# Exercise
From the listing that follows, reproduce only the lines from the one holding "Statue de Jeanne" through the one holding "FabHotel Landmark Guestline", both included, with no pictures.

# Input material
*** Block opens ***
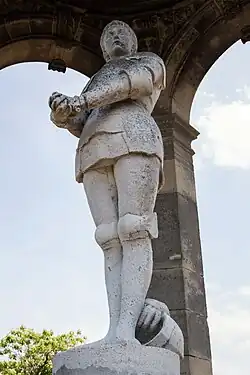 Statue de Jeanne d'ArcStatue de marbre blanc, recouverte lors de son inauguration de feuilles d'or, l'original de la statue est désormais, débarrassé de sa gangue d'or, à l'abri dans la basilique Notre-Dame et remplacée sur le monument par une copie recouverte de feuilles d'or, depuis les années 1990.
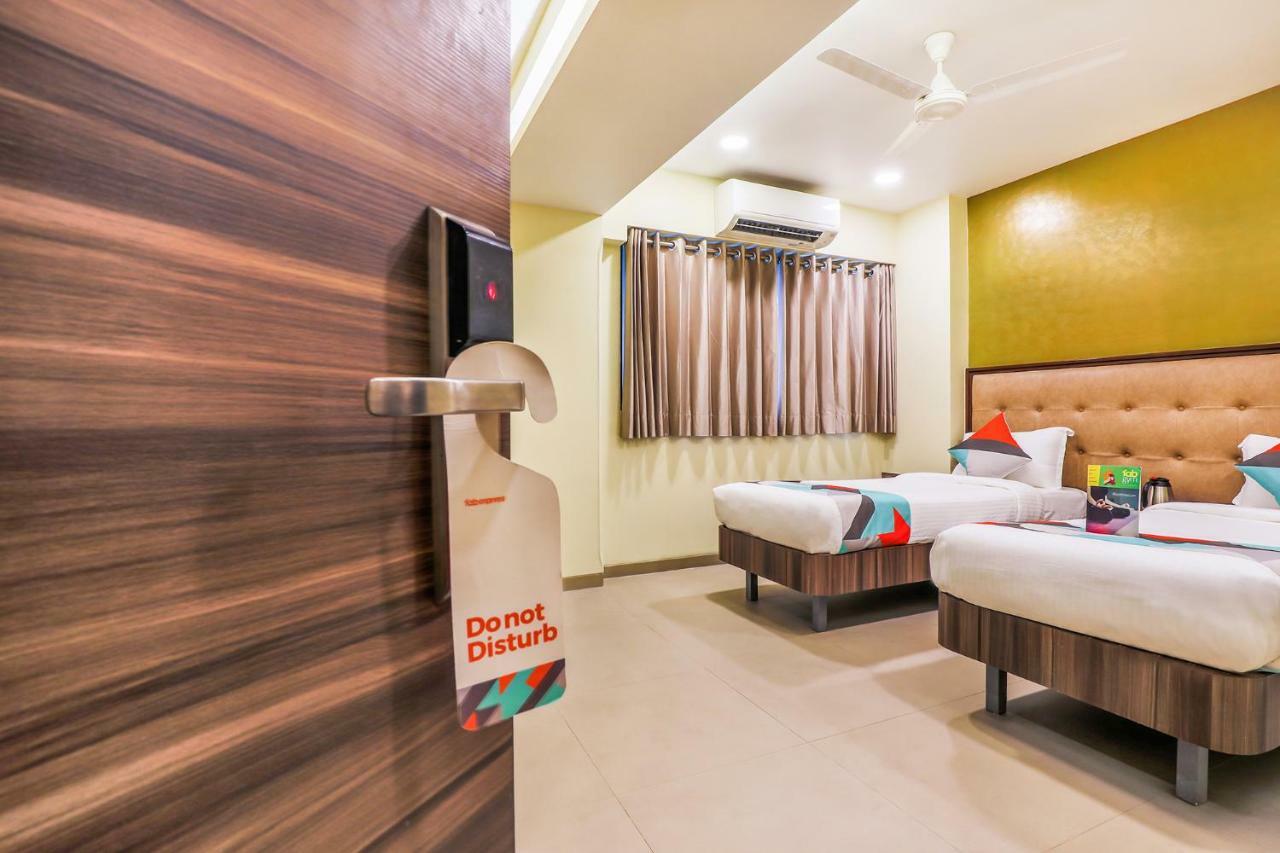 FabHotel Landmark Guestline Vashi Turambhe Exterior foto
*** Block closes ***
*** Block opens ***
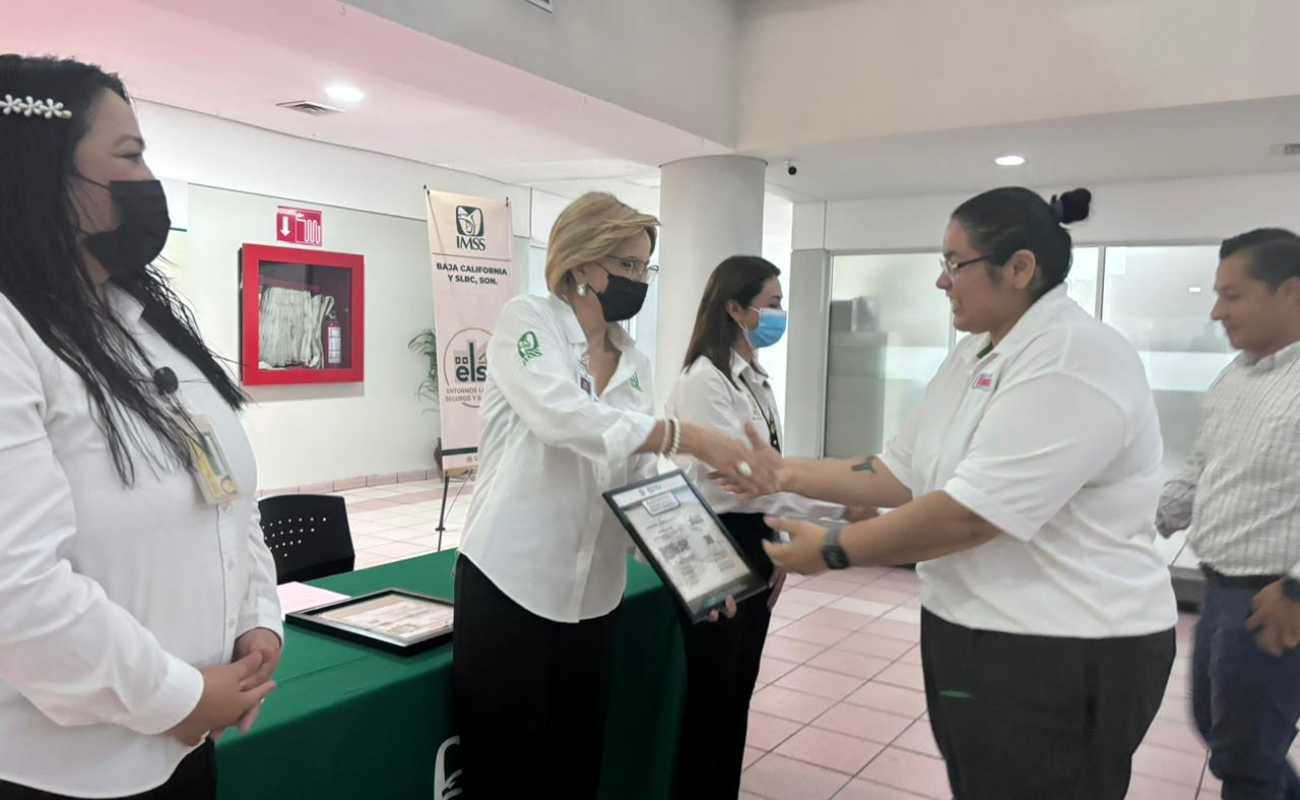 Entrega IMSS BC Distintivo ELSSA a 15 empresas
*** Block closes ***
# Answer below
 Statue de Jeanne d'ArcStatue de marbre blanc, recouverte lors de son inauguration de feuilles d'or, l'original de la statue est désormais, débarrassé de sa gangue d'or, à l'abri dans la basilique Notre-Dame et remplacée sur le monument par une copie recouverte de feuilles d'or, depuis les années 1990.
 FabHotel Landmark Guestline Vashi Turambhe Exterior foto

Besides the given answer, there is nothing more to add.